A tradição bíblica apresenta um Deus que ama um povo apaixonadamente. Ele ama o povo não por sua grandeza cultural nem por mérito, e sim porque Deus o ama loucamente. Não existe outra razão. “O amor apaixonado de Deus pelo seu povo — pelo homem — é ao mesmo tempo um amor que perdoa. E é tão grande, que chega a virar Deus contra Si próprio, o seu amor contra a sua justiça. Nisto, o cristão vê já esboçar-se veladamente o mistério da Cruz: Deus ama tanto o homem que, tendo-Se feito Ele próprio homem, segue-o até à morte e, deste modo, reconcilia justiça e amor”, escreveu o Papa Bento XVI (Carta Encíclica: Deus Caritas Est, no.10).


Deus que ama e perdoa se encarna em Jesus. Da cruz Jesus faz um testamento sobre o perdão ao perdoar aqueles que o crucificaram: “Pai perdoa-lhes porque não sabem o que fazem” (Lc 23,34). Nós somos convidados a atuar nesta direção de gratuidade. Se nossa relação com o próximo é vivida sob o sinal da maldade, não há razão para que nossa própria relação com Deus se viva de outra maneira. Para amar verdadeiramente, temos que aprender a perdoar a exemplo de Jesus Cristo.

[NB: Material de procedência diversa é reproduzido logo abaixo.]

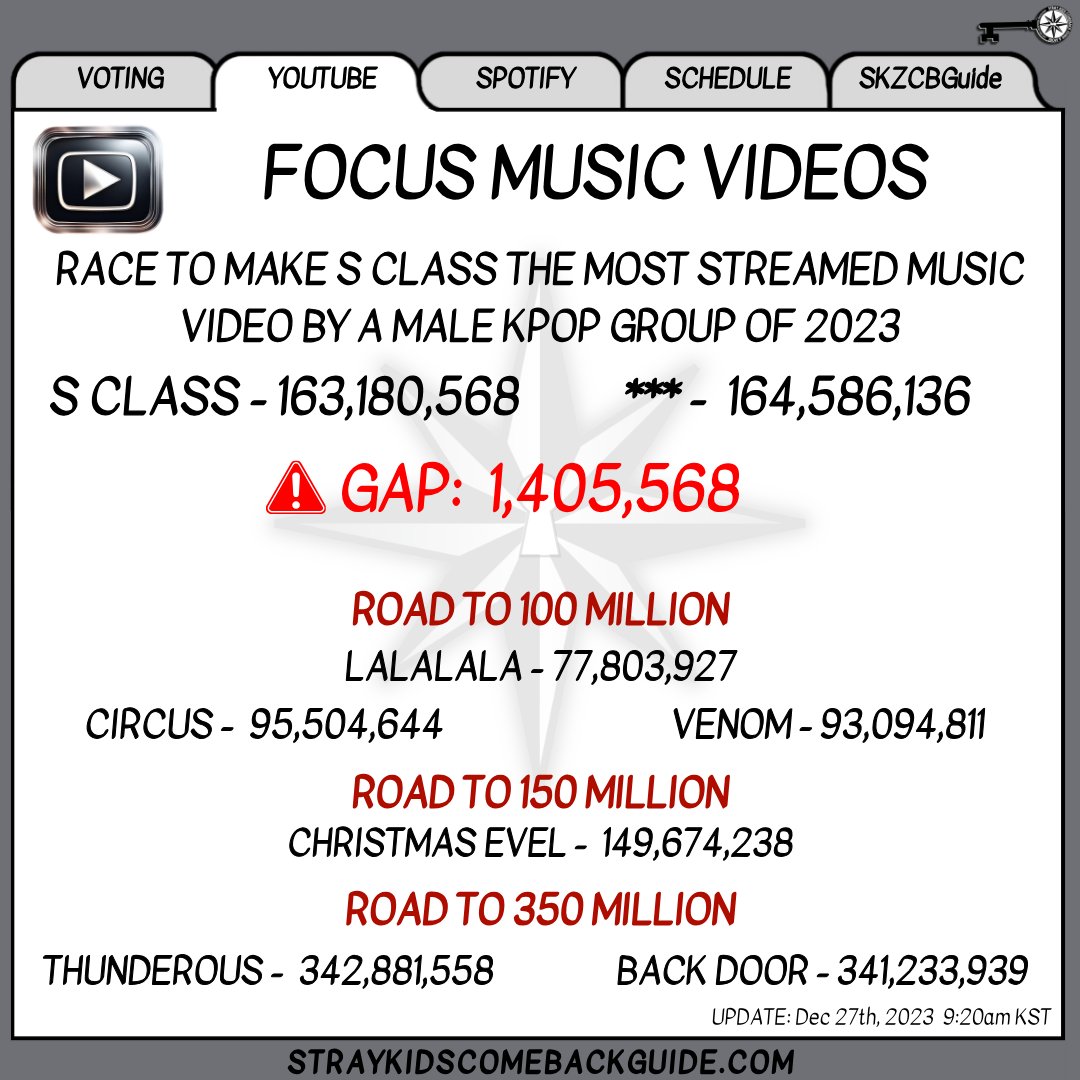 SKZCBGuide's tweet photo. ‼️ Stray Kids #S_ClassToTheStars &amp; other Focus MV's on YouTube Update

🔗https://t.co/2X15DajOzM

Use all 3 streaming methods, rotate premium accounts, interact with the platform like a human!

#S_Class_StreamingParty #StrayKids
@Stray_Kids https://t.co/LWc6cMEALl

O versículo final da parábola (Mt 18,35) considera o amor fraterno como uma condição para obter o perdão de Deus. O amor dispõe ao homem para o perdão. O perdão fraterno significa submeter-se completamente à ação misericordiosa de Deus. Neste sentido, perdoar o próximo é sinal da plenitude da eficácia do perdão de Deus recebido. O perdão dado é o perdão recebido.


O perdão é um ato de doação, tanto para aquele que o recebe como para aquele que o brinda. Ambos se enriquecem com o benefício da paz; ambos se libertam do cárcere que os aprisiona. Por isso, o perdão é seguir avançando; é amparo e encontro. O perdão revela a graça. O ato de perdoar é um ato da misericórdia de Deus que apaga os pecados (Am 7; Ex 32,12.14; Jr 26,19; Ez 36,29.33). No NT, reconciliação e perdão somente se entendem a partir da cruz, do amor entregue e do sangue derramado pelo perdão dos pecados (Mc 10,45; Hb 9,22; Rm 8,32; Mt 26,28...).

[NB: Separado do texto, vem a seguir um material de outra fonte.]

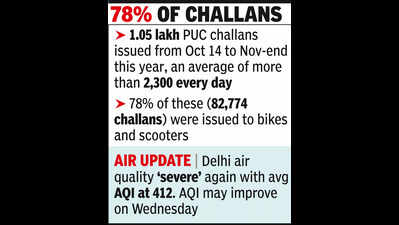 PUCC? Never Heard Of It. Not cars, Delhi's top 5 violators of PUC norms are two-wheelers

Deixemos hoje as seguintes interrogações que podem complementar a interrogação de Pedro: Quantas vezes eu tenho que perdoar? O que tenho que perdoar? Quantas vezes os outros devem me perdoar? O que devem me perdoar?

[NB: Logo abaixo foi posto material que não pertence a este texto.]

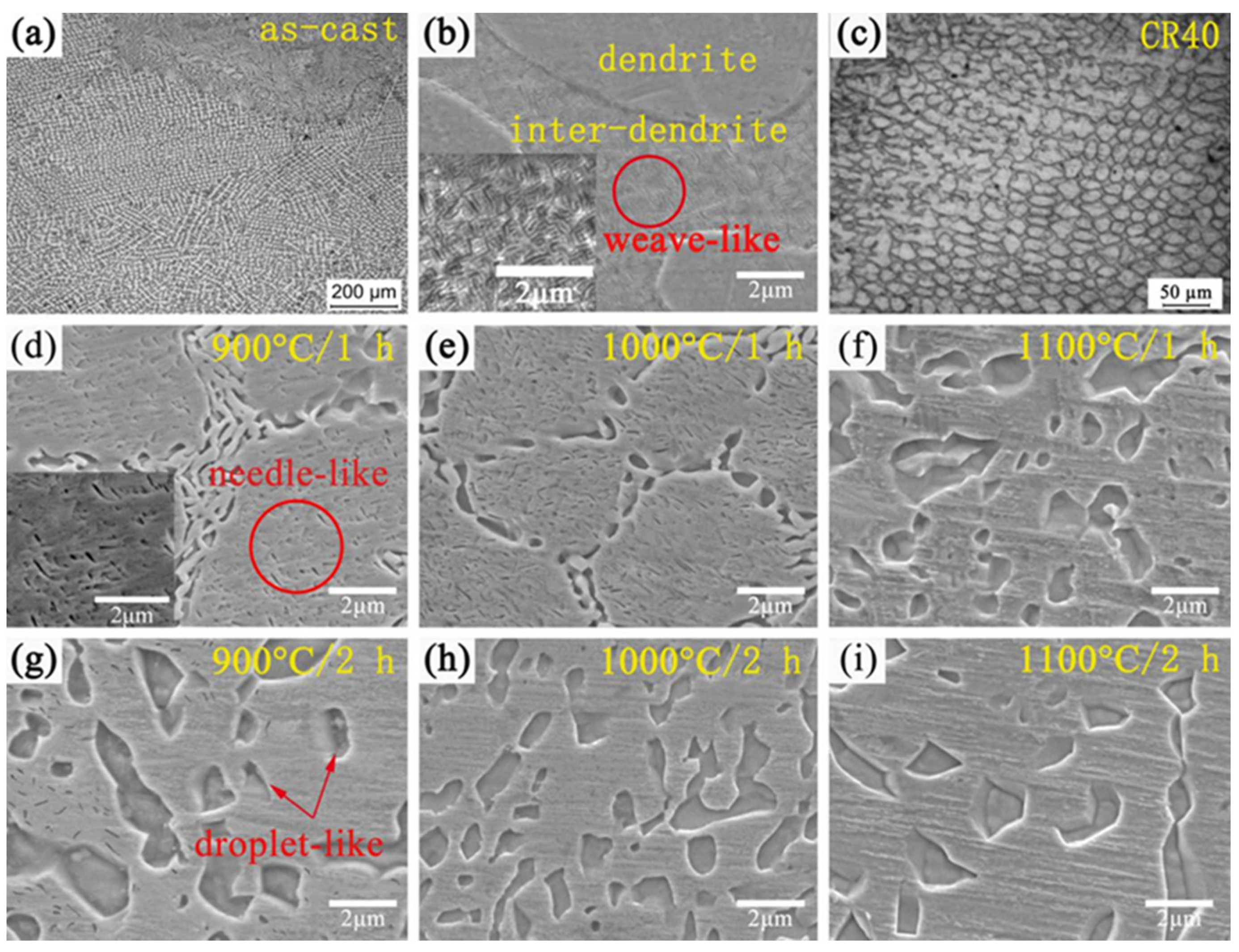 Metals 12 00178 g003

A vida nos oferece diversas ocasiões para exercermos o mistério do perdão entre nós: na família, no trabalho, nas relações pessoais e assim por diante. Cada sinal de perdão comunica também a graça de Deus que atravessa todas as nossas ações. A reconciliação nos devolve a verdadeira liberdade e a responsabilidade que nos permite acolhermos e praticarmos novamente o bem, suscitá-lo ou restaurá-lo dentro de nós e ao nosso redor. Ao cultivarmos a dimensão do perdão e da reconciliação entre nós temos a esperança de construir um mundo novo sem violência. O fraco jamais perdoa, o perdão é característica do forte” (Mahatma Gandhi). Quaresma é o tempo para se reconciliar e para o mútuo perdão para podermos experimentar, por antecipação, a vitória da ressurreição sobre a morte e sobre o que é mortal em nós. A palavra “perdão” provém do latim “per”: intensificação e “donare”: doar, dar. Assim o perdão é um ato de doação, tanto para aquele que o recebe como para aquele que o brinda.